A new strategy, which the government says will save millions that are currently wasted on public sector ICT, was published by the Cabinet Office today.

The strategy promises to end “big bang” solutions, break the “oligopoly of big business” supplying government IT and create opportunities for small and medium sized enterprises.

It also heralds a move to scale back the size of government IT programmes by creating a presumption against projects having a lifetime value of more than £100m.

The strategy identifies seven challenges currently afflicting public sector IT:

  • projects tend to be too big, leading to greater risk and complexity, and limiting the range of suppliers who can compete
  • departments, agencies and public bodies too rarely reuse and adapt systems which are available ‘off the shelf’ or have already been commissioned by another part of government, leading to wasteful duplication
  • systems are too rarely interoperable
  • infrastructure is insufficiently integrated, leading to inefficiency and separation
  • there is serious over-capacity, especially in data centres
  • procurement timescales are far too long and costly, squeezing out all but the biggest, usually multinational, suppliers; and
  • too little attention has been given at senior level to the implementation of big ICT projects and programmes, either by senior officials or by ministers. Similarly, senior responsible owners (SROs) have rarely been allowed to stay in post long enough.

Cabinet Office minister, Francis Maude, said: “For too long, government has wasted vast amounts of money on ineffective and duplicate IT systems. We need to ensure that frontline services have the tools to do their job to deliver effective public services.

"We will cut out duplication and wastage by sharing more of our assets across government and using common systems.

"We will end the oligopoly of big business supplying government IT by breaking down contracts into smaller, more flexible projects. This will open up the market to SMEs and new providers."

In the ICT strategy, the government commits to:

  • reduce the cost of using data centres by 35% over five years – cutting their carbon footprint
  • move away from big bang solutions delivered by the same large suppliers to a greater number of smaller and agile projects
  • publish details of government contracts and reduce bureaucracy and costs, so that new providers and SMEs have the opportunity to win government ICT contracts
  • share and reuse ICT solutions and services, via a common ICT infrastructure, an ICT asset register and fully online applications store, to enable the reuse of business applications and components across the public sector
  • enable interoperable ICT by using common and open standards, creating cross-government standards on application programme interfaces and developing a quality assurance ‘kite mark’ – helping to open up new innovative services from a diverse range of providers.

The strategy document sets out a delivery timetable for producing results in the next two years.

John Higgins, director-general of Intellect, the UK’s trade body for the IT industry, commented: “UK taxpayers should expect the best from their public services, and this strategy provides a clear direction for how technology can help deliver better services for less.
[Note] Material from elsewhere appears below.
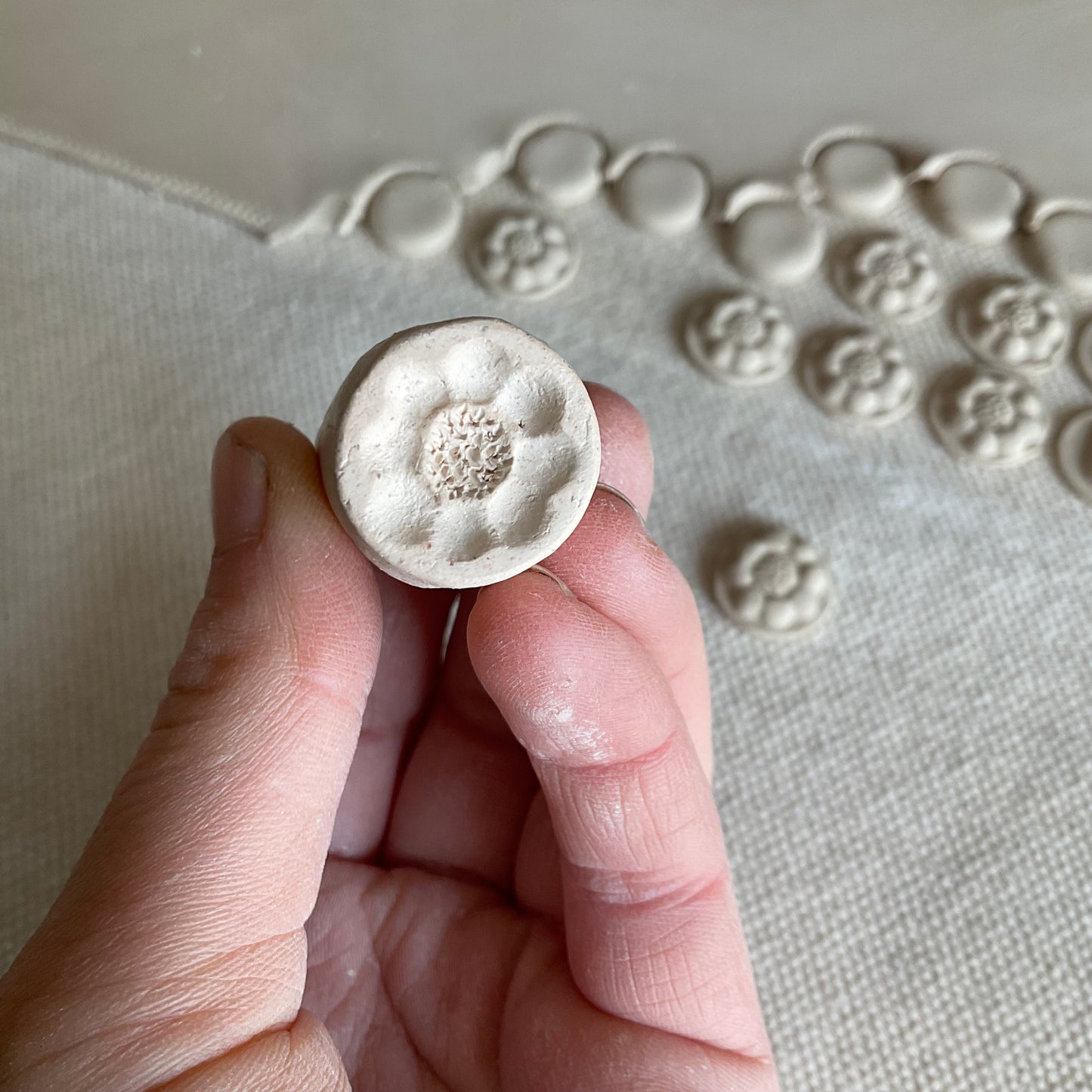 Chamomile Flower Porcelain Button  5/8"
“We are especially pleased to see that it recognises ICT as an enabler and not just an overhead. By adopting innovative approaches and opening up opportunities to SMEs, social enterprises, charities and other new providers, we will see a dynamic supplier ecosystem and greater benefits to the taxpayer.

“The technology industry is fully behind this strategy and we are committed to working collectively with the government to turn it into reality.”